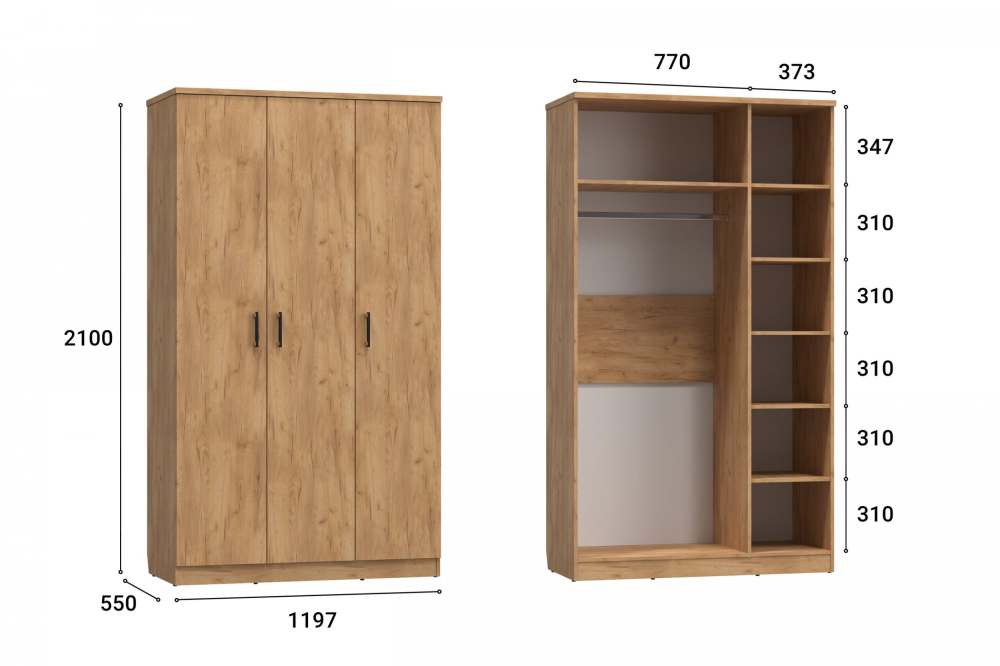 Размеры шкафа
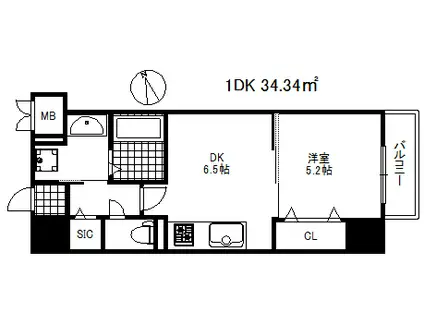 フォレ・リビエール磯辺通(1DK/3階)の間取り写真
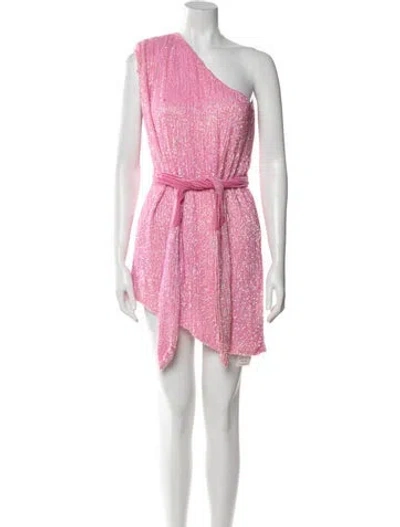 Pre-owned Retroféte Printed Mini Dress In Pink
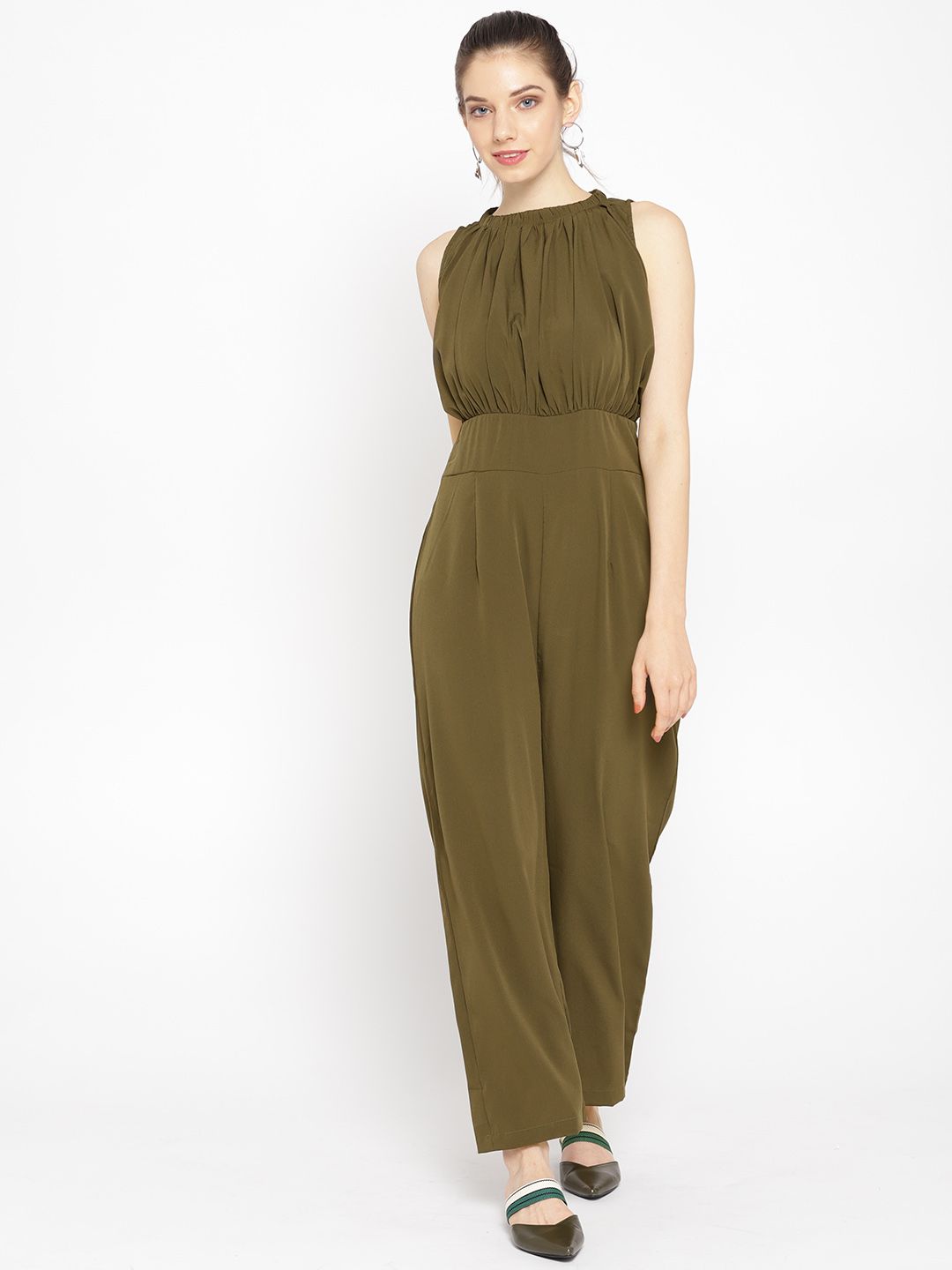 Cottinfab Women Olive Green Solid Basic Jumpsuit Price in India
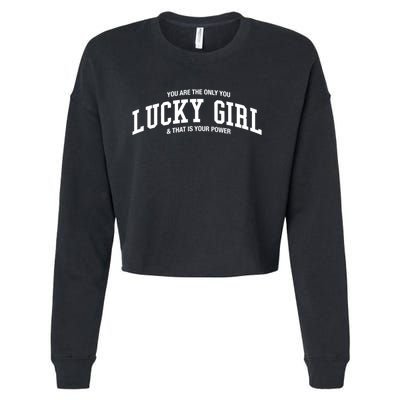 Lucky Girl Varsity Graphic Cropped Pullover Crew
----
* [ASSIGNMENT]: Reproduce all of the data exactly, omitting each picture it holds.

* [TASK RESULT]:
 Размеры шкафа
 フォレ・リビエール磯辺通(1DK/3階)の間取り写真
 Pre-owned Retroféte Printed Mini Dress In Pink
 Cottinfab Women Olive Green Solid Basic Jumpsuit Price in India
 Lucky Girl Varsity Graphic Cropped Pullover Crew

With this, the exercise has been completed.